O estoicismo sempre será útil para as adversidades e radicalismos dos tempos atuais, quase como uma capa protetora nesses tempos em que as redes sociais seguem no seu design maquiavélico para prender a nossa atenção.
Tem muita força e beleza nas suas palavras, como no facilitar e aclarar caminhos, em um convite para superarmos as nossas próprias limitações, que não são poucas.
Sêneca nos convida a aceitar a vida como ela é, fincando os dois pés no chão, e é aqui no domínio das emoções que encontramos a grandiosidade do pensamento de Sêneca. Se você fizer uma lista do que amarga a vida, você vai ver raiva, estresse, descontrole, frustração, desilusão… “Sêneca ensina a administra-las.

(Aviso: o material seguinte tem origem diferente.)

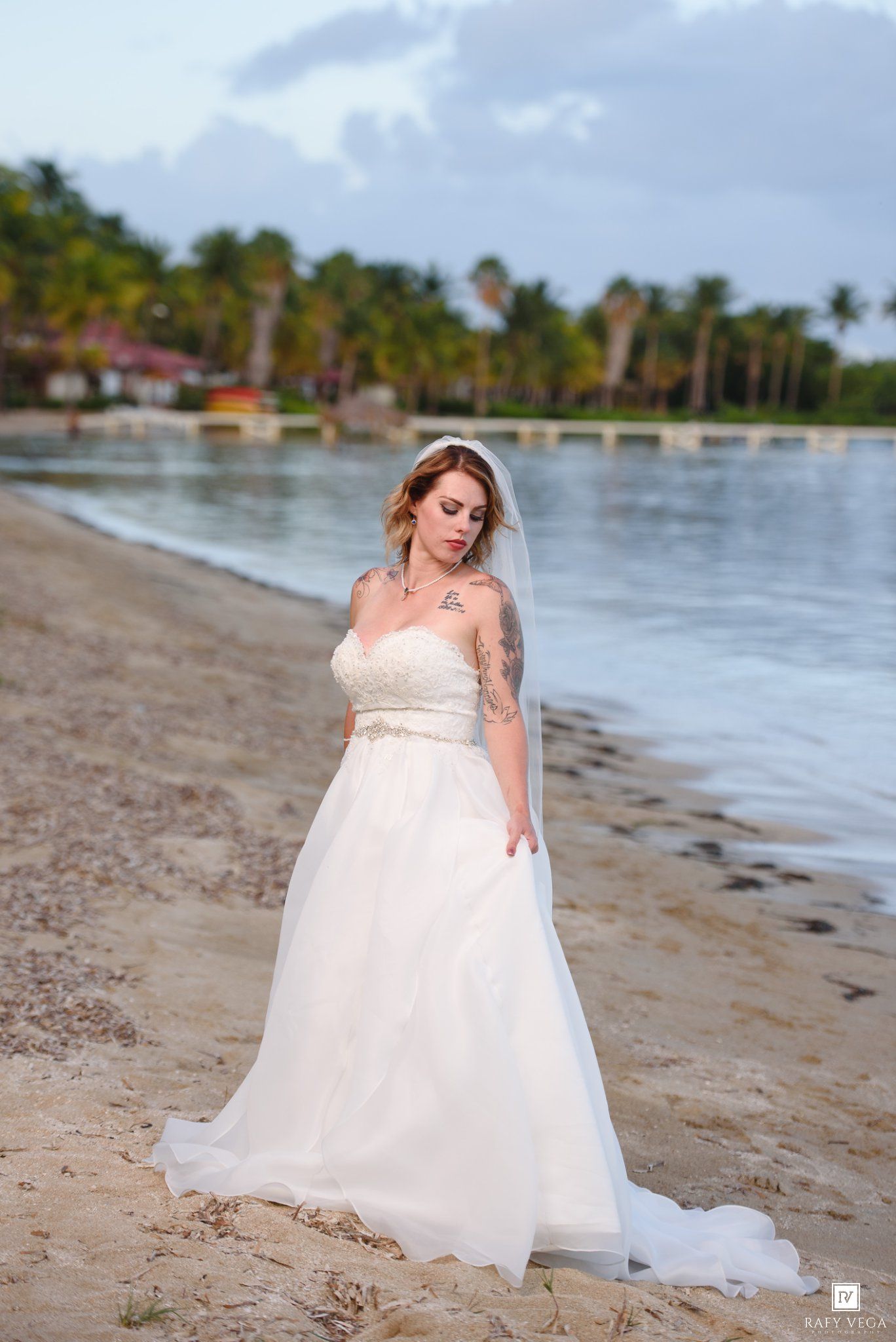 Bride in white lace wedding gown and veil poses on tropical beach shoreline with palm trees in background.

Um exemplo simples: você está frustrado e irado. Mas a culpa não é sua, é do trânsito. As pessoas não sabem dirigir, fazem absurdos, colocam a vida dos outros em risco… A raiva no trânsito é um problema filosófico?” Como lembra Margot.
No geral, as pessoas criam expectativas elevadas, a realidade não as confirma, surge a sensação de surpresa e injustiça e, a partir daqui, a raiva. A verdade é que a confusão, a incompetência e a barbeiragem no trânsito não são injustas, nem surpreendentes, são fatos previsíveis da vida. Quem se zanga com elas tem expectativas erradas em relação ao mundo. E logo a “proposta de Sêneca”: seja mais pessimista em relação ao trânsito. O que ele propõe é que se aceitarmos que nem todos sabem dirigir bem, não vamos ficar surpreendidos e não vamos nos descontrolar quando nos depararmos com eles
Sêneca acreditava que um dos motivos da raiva, e também da frustração, do desapontamento, do estresse, e muitos outros sentimentos negativos, é imaginarmos que tudo será sempre do jeito que queremos, que somos capazes de moldar o mundo segundo os nossos desejos.
Não somos. Há muitas coisas que a única ação que nos cabe é aceitar. Nem sempre temos liberdade para mudá-las. Sêneca ilustrar essa condição da vida com uma comparação simples. Para ele, somos como cães amarrados a uma carroça em movimento. A corda é longa o bastante para dar alguma liberdade ao cão, mas não para permitir que ele vá além do seu comprimento. O cão logo se dá conta de que, para aumentar o seu conforto, ele precisa, algumas vezes, se contentar em seguir a carroça. Mesmo que ele não queira, essa é a melhor alternativa. Além da inutilidade do gesto, o cão vai em sofrimento, estrangulado pela superioridade da carroça. A síntese desse ensinamento de Sêneca é a sua famosa máxima “o destino guia quem o segue de bom grado, mas arrasta quem se recusa a segui-lo”.
Não se trata de acomodação, mas de entender o que não podemos mudar, do contrário, muitas pessoas que gostamos ou que amamos vão ficando pelo caminho, pois gostar e amar exige compreensão, mesmo em tempos tão radicais.